### [Data below]
☆ ☆ ☆ ☆ ☆ ☆ ☆
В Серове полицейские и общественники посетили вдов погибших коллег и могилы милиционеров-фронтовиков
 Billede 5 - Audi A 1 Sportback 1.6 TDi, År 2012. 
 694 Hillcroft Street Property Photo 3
☆ ☆ ☆ ☆ ☆ ☆ ☆
Could you give the data again, word for word?

В Серове полицейские и общественники посетили вдов погибших коллег и могилы милиционеров-фронтовиков
 Billede 5 - Audi A 1 Sportback 1.6 TDi, År 2012. 
 694 Hillcroft Street Property Photo 3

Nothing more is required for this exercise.